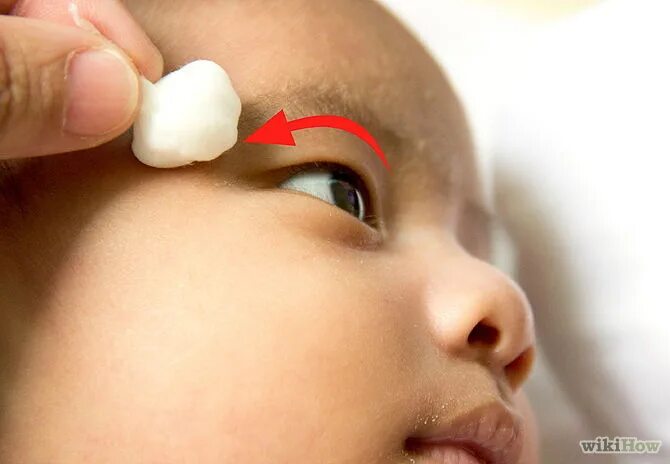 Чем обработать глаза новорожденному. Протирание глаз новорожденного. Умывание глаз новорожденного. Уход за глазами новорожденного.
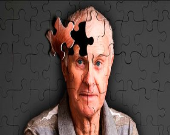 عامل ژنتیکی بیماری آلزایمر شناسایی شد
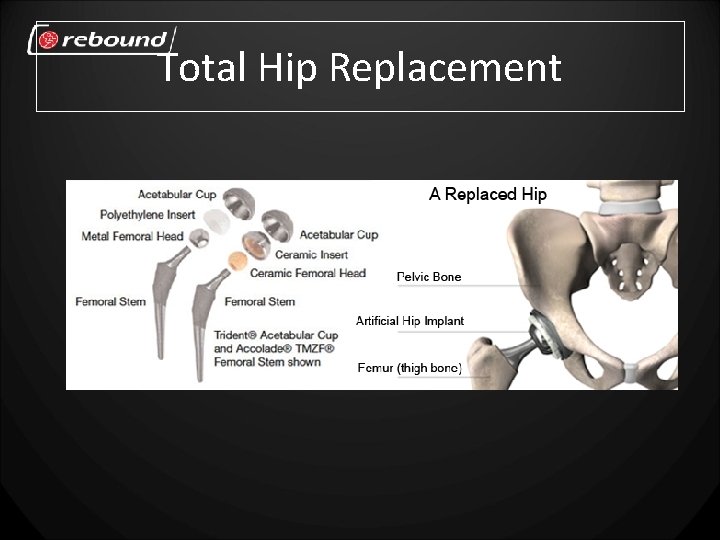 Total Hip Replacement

##########

- [Assigned task]: All of the material above needs to be restated exactly, with no pictures.

- [Output below]:
 Чем обработать глаза новорожденному. Протирание глаз новорожденного. Умывание глаз новорожденного. Уход за глазами новорожденного.
 عامل ژنتیکی بیماری آلزایمر شناسایی شد
 Total Hip Replacement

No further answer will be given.